DATASET ENTRIES:

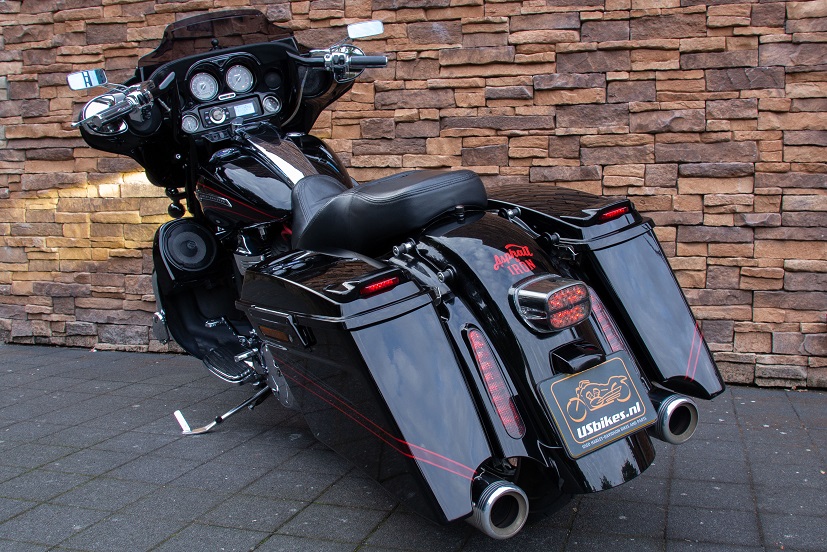 2011 Harley-Davidson FLHXSE2 CVO Street Glide 110 LR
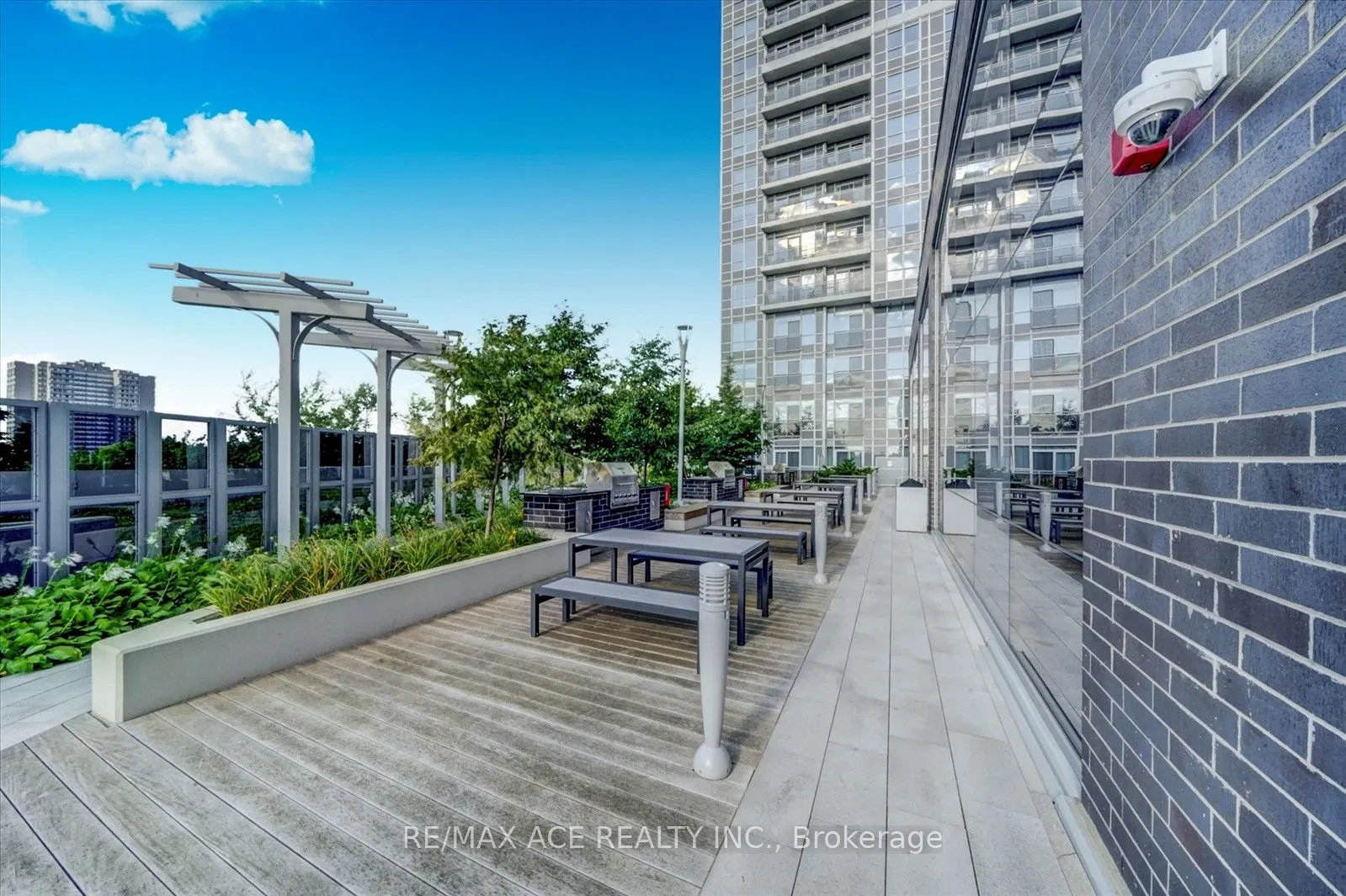 275 Village Green Square, #1323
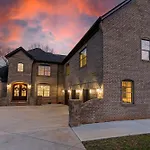 Charlotte Acres Retreat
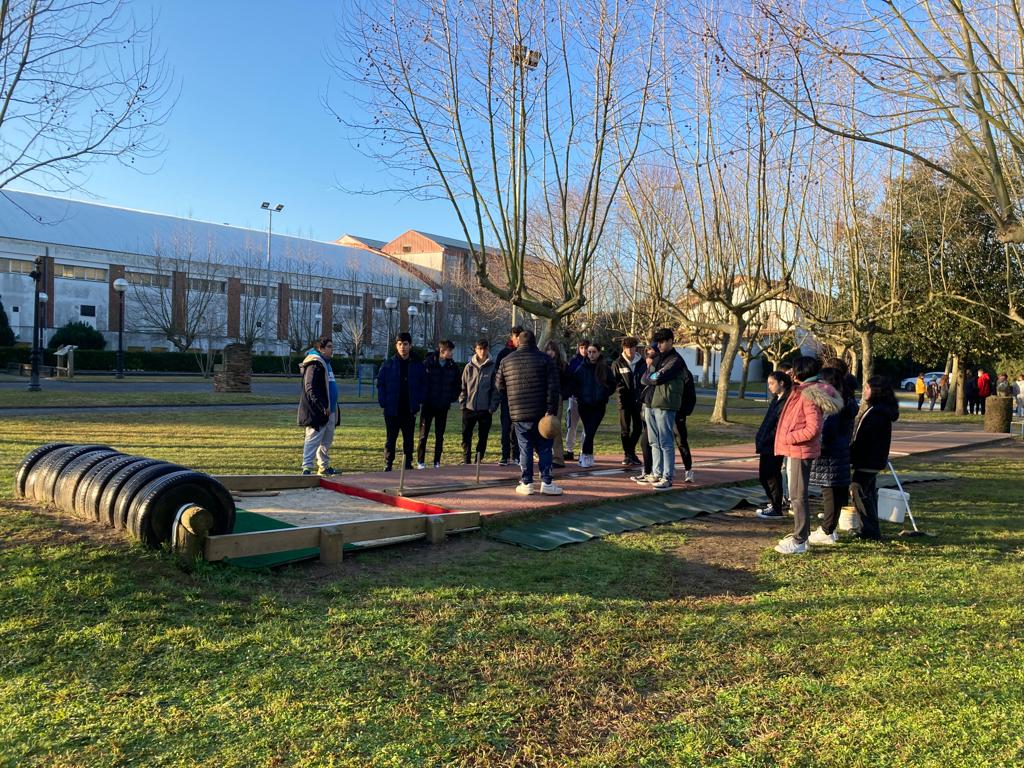 Nuestro alumnado de 3ºESO está participando en el Proyecto "Madera de Ser" conociendo las diversas modalidades de bolos que se practican en Cantabria. Bolo Palma, Bolo Pasiego, Pasabolo Losa y Pasabolo Tablón #maderadeser #bolos #iesvillajunco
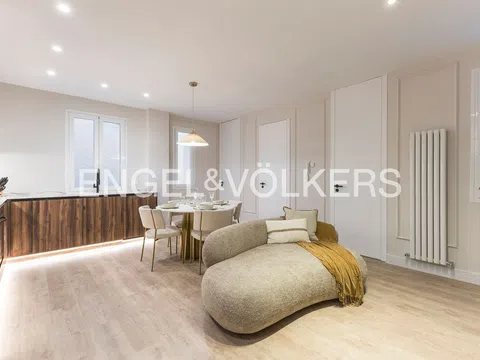 Flat / apartment in Avenida de Menéndez Pelayo, Ibiza, Madrid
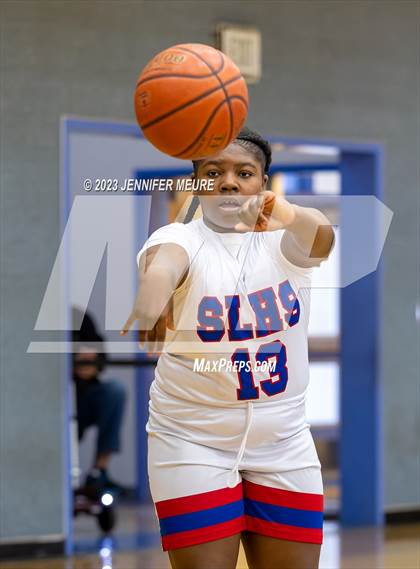 Thumbnail 2 in San Leandro vs. Clayton Valley Charter photogallery.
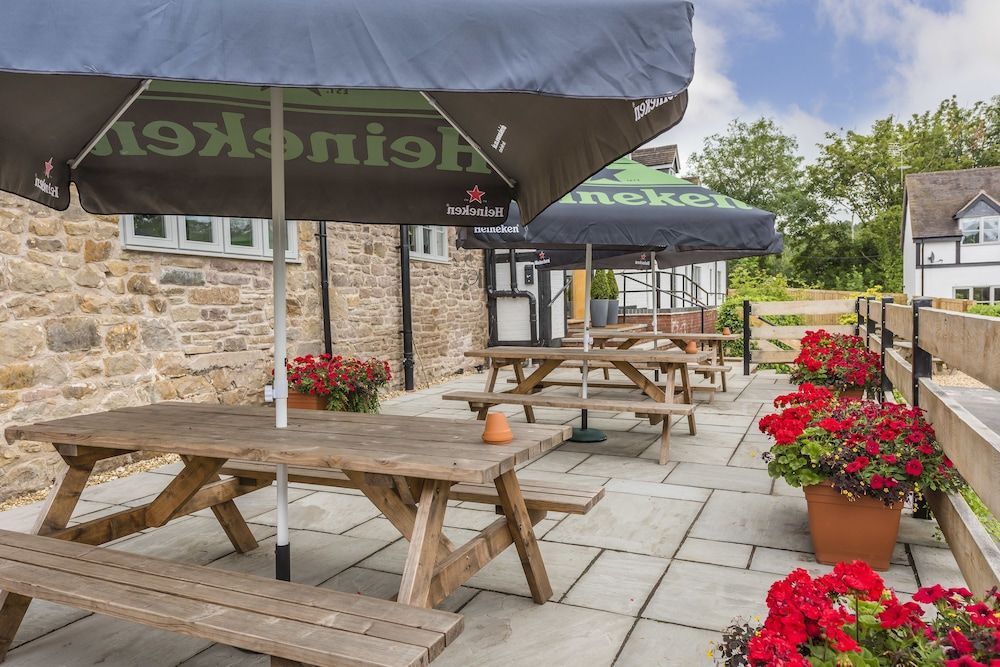 The Hopton Crown 1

ABOUT THIS EXERCISE:
The output must match the records word for word, except that no pictures appear.

RESULT:
 2011 Harley-Davidson FLHXSE2 CVO Street Glide 110 LR
 275 Village Green Square, #1323
 Charlotte Acres Retreat
 Nuestro alumnado de 3ºESO está participando en el Proyecto "Madera de Ser" conociendo las diversas modalidades de bolos que se practican en Cantabria. Bolo Palma, Bolo Pasiego, Pasabolo Losa y Pasabolo Tablón #maderadeser #bolos #iesvillajunco
 Flat / apartment in Avenida de Menéndez Pelayo, Ibiza, Madrid
 Thumbnail 2 in San Leandro vs. Clayton Valley Charter photogallery.
 The Hopton Crown 1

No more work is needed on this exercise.